Ungapped prefilter died during GPU-accelerated search
When I ran my scrpit below to generate MSA against uniref90 by MMseqs2 GPU-accelerated searching, it reported an error as follows. However, when I replaced the targetDB uniref90 with a smaller one (consisit of about thousands of sequences), such error would not appear. My Linux system contains:
- 40 CPUs,
- 400+ GB ram,
- 4 GPUs,
- enough storage.
Could you please help me figure this out?

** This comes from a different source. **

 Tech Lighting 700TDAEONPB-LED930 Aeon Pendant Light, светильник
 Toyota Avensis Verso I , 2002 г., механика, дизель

Thanks in advance for your expert help.
Error
ungappedprefilter /a100_nas/ai4s/MSA/queries/testDB /a100_nas/ai4s/MSA/uniref90DB_gpu.idx /a100_nas/ai4s/MSA/tmp/15602816422822286028/pref_0 --sub-mat 'aa:blosum62.out,nucl:nucleotide.out' -c 0 -e 0.001 --cov-mode 0 --comp-bias-corr 1 --comp-bias-corr-scale 1 --min-ungapped-score 15 --max-seqs 300 --db-load-mode 2 --gpu 1 --gpu-server 1 --prefilter-mode 1 --threads 42 --compressed 0 -v 3
Index version: 16
Generated by: 16.747c6
ScoreMatrix: VTML80.out
--gpu-server /dev/shm/8478586279687262130 does not existError: Ungapped prefilter died
part of my script
mmseqs createdb $UNIREFFASTA $UNIREFDB
mmseqs makepaddedseqdb $UNIREFDB $UNIREFDB_GPU
QUERY_DB="${QUERY_DIR}/testDB"
mmseqs createdb $QUERY $QUERY_DB
# searching with GPU
mmseqs createindex $UNIREFDB_GPU $TMP --index-subset 2
mmseqs gpuserver $UNIREFDB_GPU --gpu 1 &
PID=$!
mmseqs search $QUERY_DB $UNIREFDB_GPU $RESULTS/aln_test $TMP --gpu 1 --gpu-server 1 --db-load-mode 2 --remove-tmp-files 1 --max-seq 10000
kill $PID
hello, it seems i have the same problem with you.I wanna know that if you used the command mmseqs makepaddedseqdb for the targetdb and it returns the segment error?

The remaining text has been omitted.